Per questo la nuova massa democratica è capace di pensare come normale che un bambino sia fatto morire di fame per il suo bene, che ai genitori sia impedito di metterlo in salvo perché costretti dalle forze di polizia a rimanere prigionieri con lui dentro un ospedale trasformato all’occasione in carcere di massima sicurezza. E può trovare normale che sia stato uno travestito da giudice a decretare la pena capitale contro un infante colpevole solo di essere nato da un uomo e una donna, per di più cattolici, e dunque non prodotto in laboratorio per la soddisfazione di due omosessuali, e in ogni caso di essere diventato un individuo inutile perché antieconomico.
Il precedente da seguire l’aveva già creato suo malgrado Terri Schiavo, nella terra della dichiarazione di tutti i diritti. Con il cervello forgiato negli anni dal pluralismo delle idee uguali per tutti, il suddito di sua Maestà britannica e della Unione Europea che ha consacrato la Democrazia in ogni pagina dei suoi mastodontici e caotici “Trattati”, incapace ormai di formulare in proprio il pensiero più elementare, può pensare tranquillamente che chi fa morire volontariamente un altro essere indifeso non sia un omicida. Che impedire la libertà di movimento a chi non è detenuto in carcere non sia sequestro di persona. Che questi fatti perseguibili penalmente dalla Svezia al Burundi da chiunque siano commessi, possano essere ordinati uno che chiamano “giudice”.
Il quadro surreale del manipolo di subumani inebriati dalla possibilità di stritolare tra le proprie mani la vita altrui, e assistito dal proprio governo e da tanti propri simili, riproduce sinistramente lo quello spettacolo degli umani sbranati dalle fiere nel circo che lo Stato offriva a sue spese per il sollazzo del popolo.
Una volta bambini reali vennero soffocati nella torre di Londra. C’era di mezzo la sete gelida del potere e l’episodio è ricordato ancora come un ripugnante misfatto. Così non appare l’uccisione programmata di questo bimbo indifeso a tante anime belle con o senza talare, né alla famiglia reale imbalsamata nei rotocalchi, o a tanti sacerdoti del fuoco sacro di Bruxelles. E in virtù dei cervelli artificiali creati dalla democrazia liberatoria e libertaria, nessuno dei comprensivi spettatori sentirà mai neppure di essere diventato complice degli esecutori diretti di questo orrendo delitto. Nessuno, carnefice o spettatore, si laverà mai le mani come lady Macbeth, e tanto meno si suiciderà per l’insostenibile peso della coscienza schiacciata dal rimorso dell’orrore commesso. La naturale inespressività di politici e di intellettuali impegnati democraticamente non verrà scomposta.
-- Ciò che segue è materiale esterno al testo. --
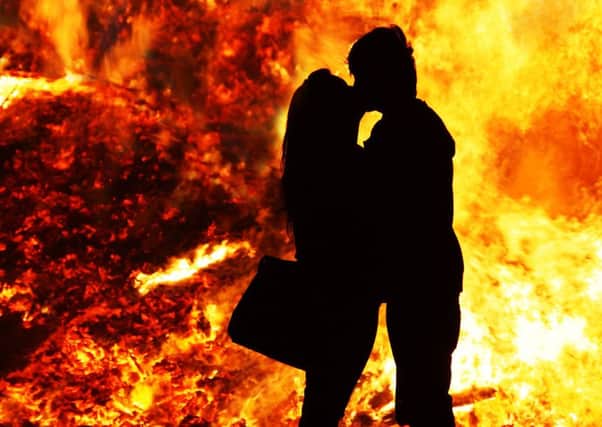Burning love - A couple embrace beside an 11th July bonfire at Ballymacash, Lisburn
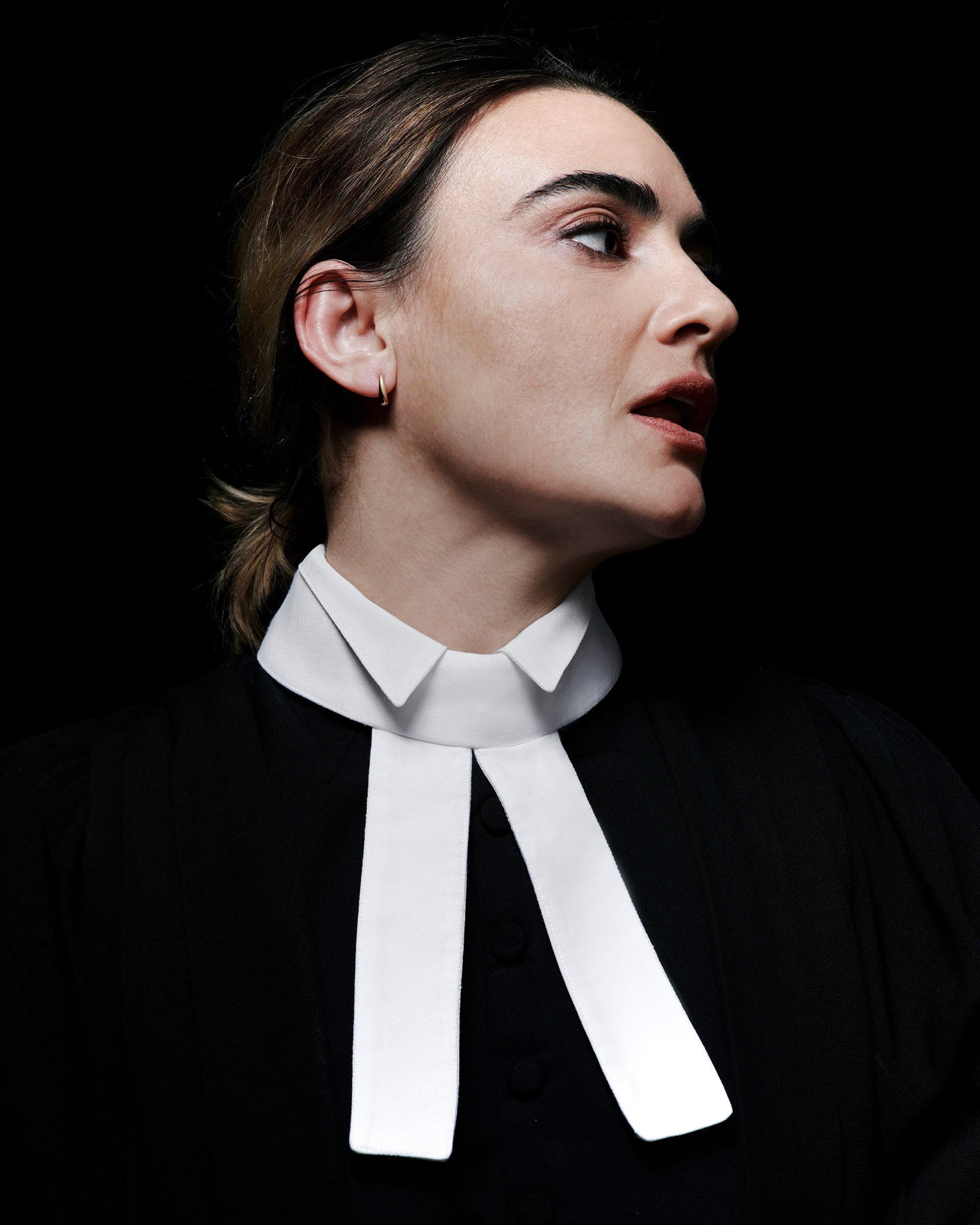 Portrait of adult woman with white collar looking left against black background. Close-up on woman with neutral facial expression.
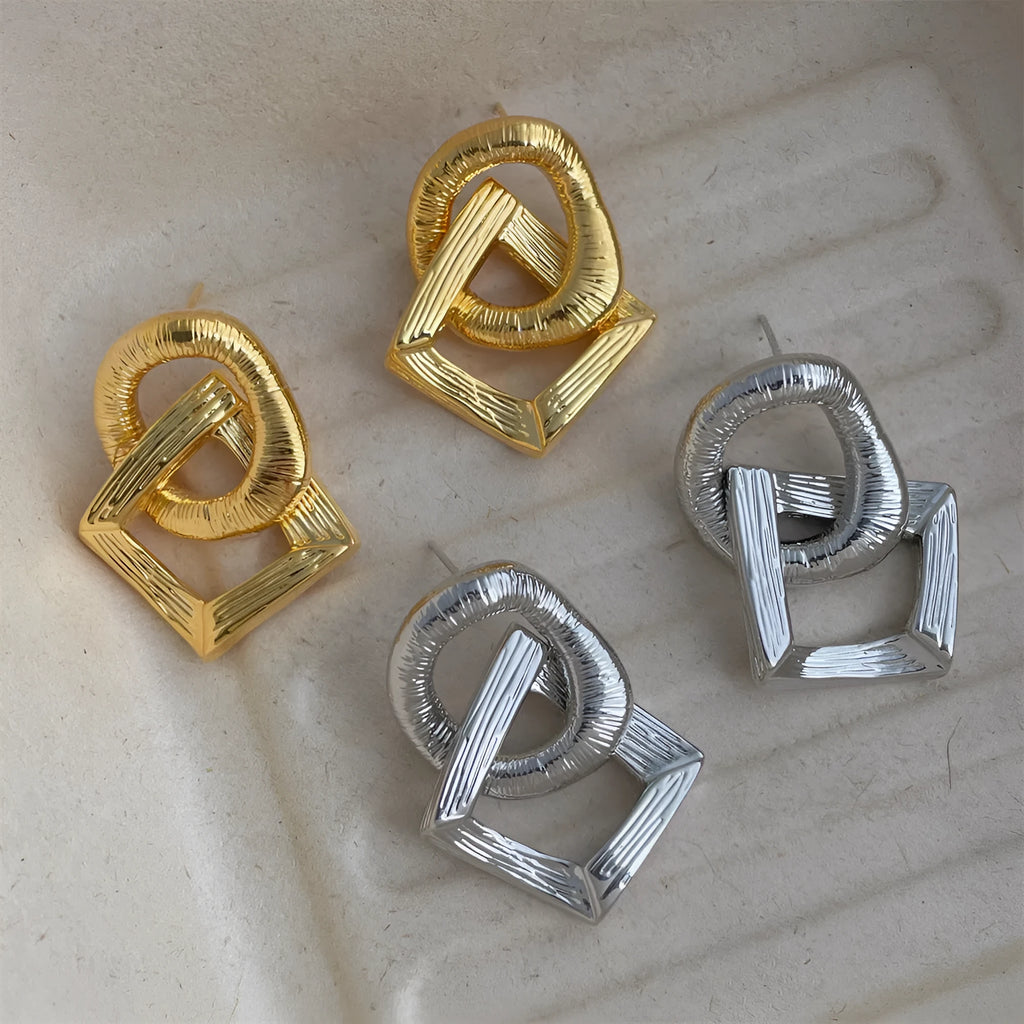 Retro style geometric circle pendant earrings in gold or silver colour with a 3.4cm drop length.
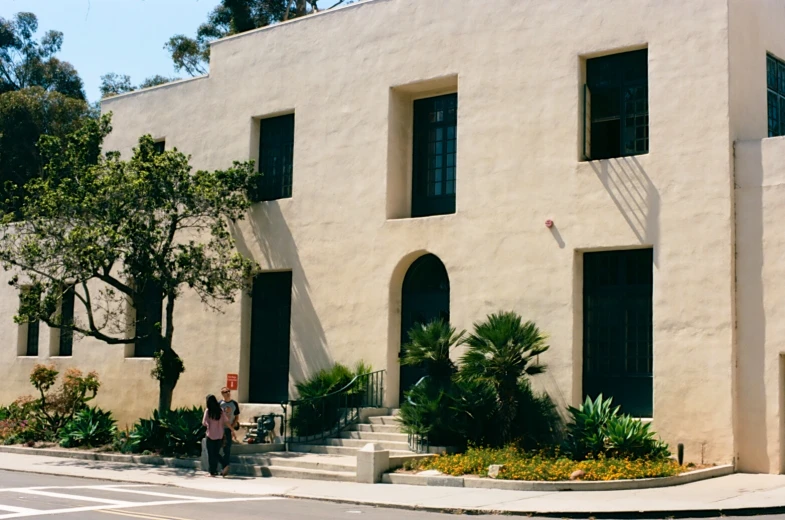 a building has two people standing outside and bushes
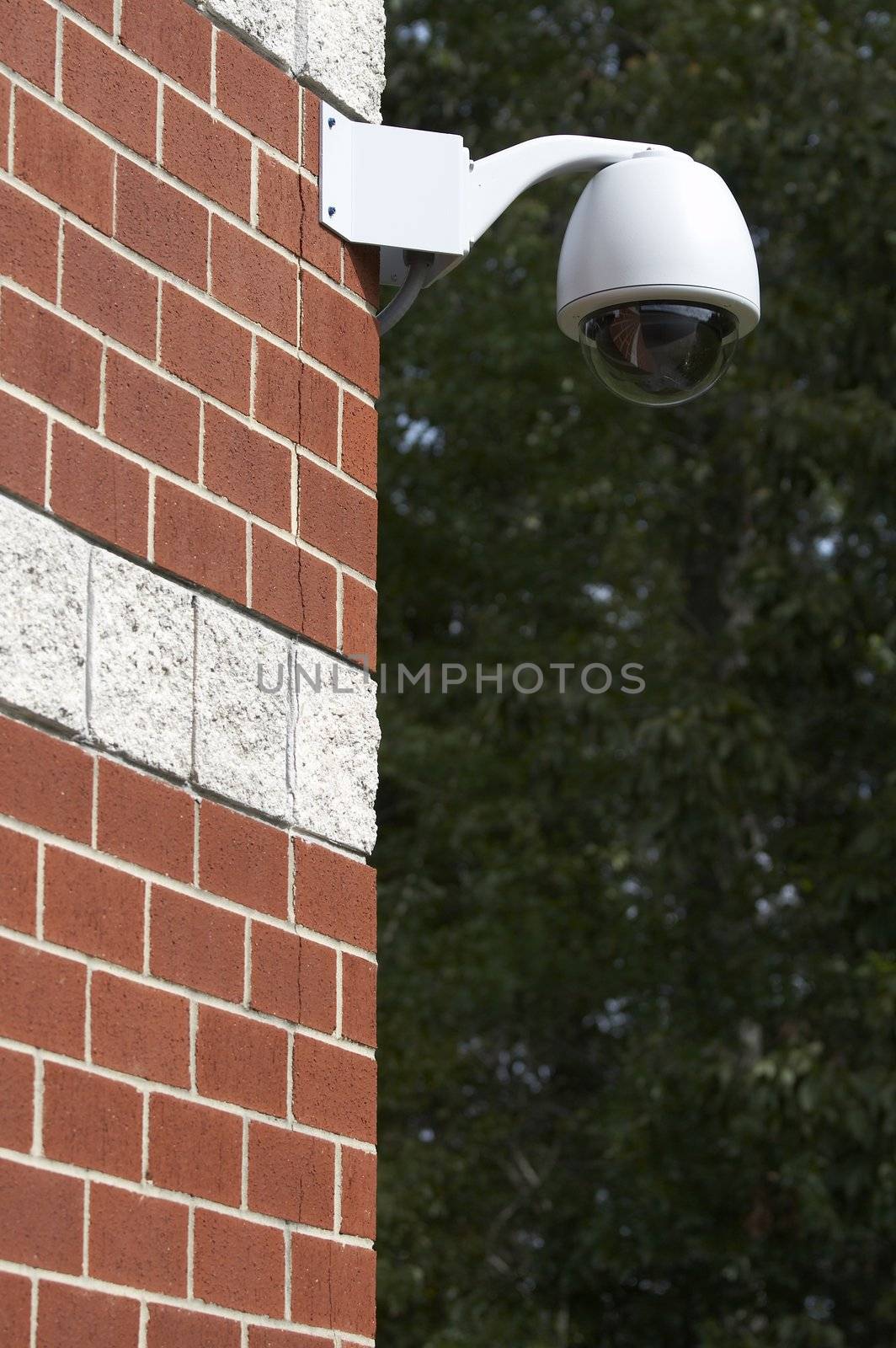 a picture of a surveillance camera on a brick wall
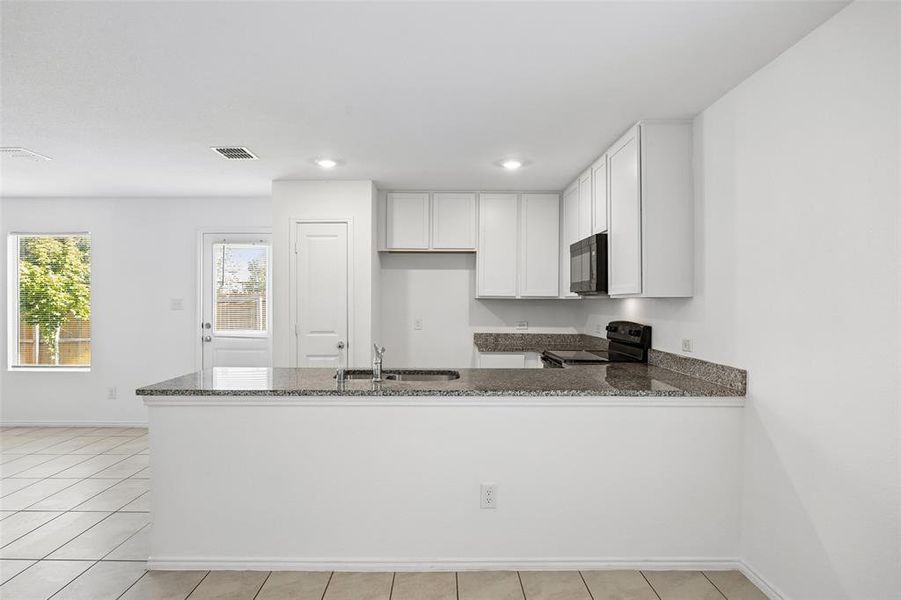 Furnished interior view inside a new home in Trinity West, Dallas (Image 6).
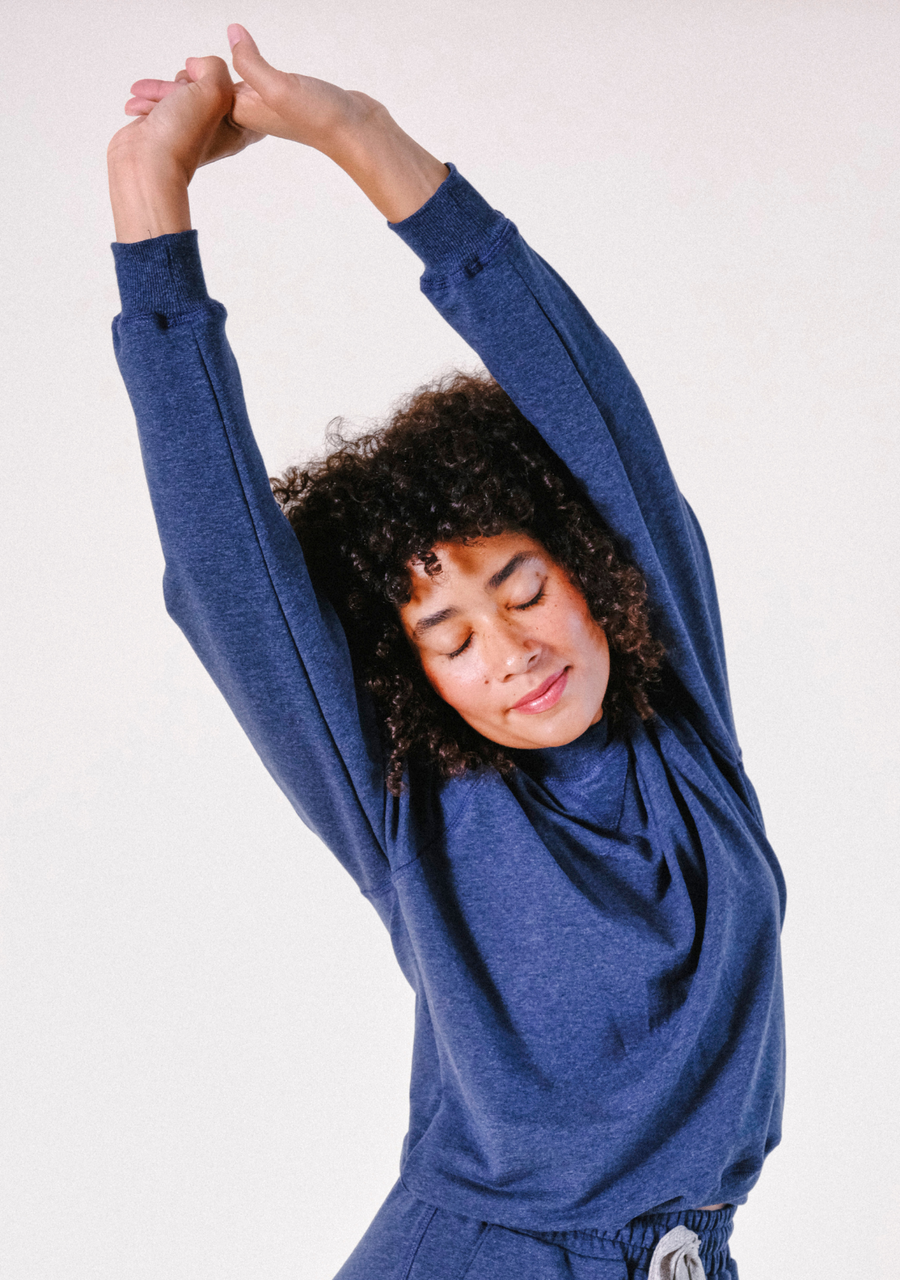 Model stretching her arms overhead while wearing the soft Poplinen Agnes Raglan Sweatshirt in Heather Lake.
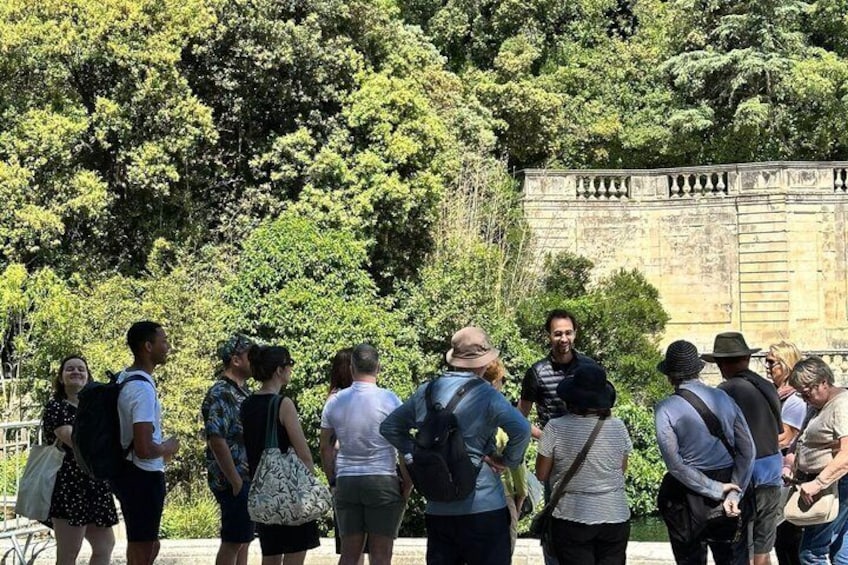 A group of people standing in a line, facing a stone wall with carvings, surrounded by trees. 1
Nessuno di costoro pare in grado di comprendere che ormai le belve idiote di Liverpool, come i loro precursori, minacciano tutti da vicino perché ogni suddito del sistema potrà essere democraticamente abbandonato in balia del proprio simile. Ogni norma di civile convivenza è saltata. Il precedente è ora alla portata di tutti i giudici, immancabilmente democratici. Ma chi lo intende sa quale sia il nemico da combattere con tutte le forze, quale la sua maschera oscena da strappare, quale il lessico contraffatto da smascherare per continuare a vivere umanamente.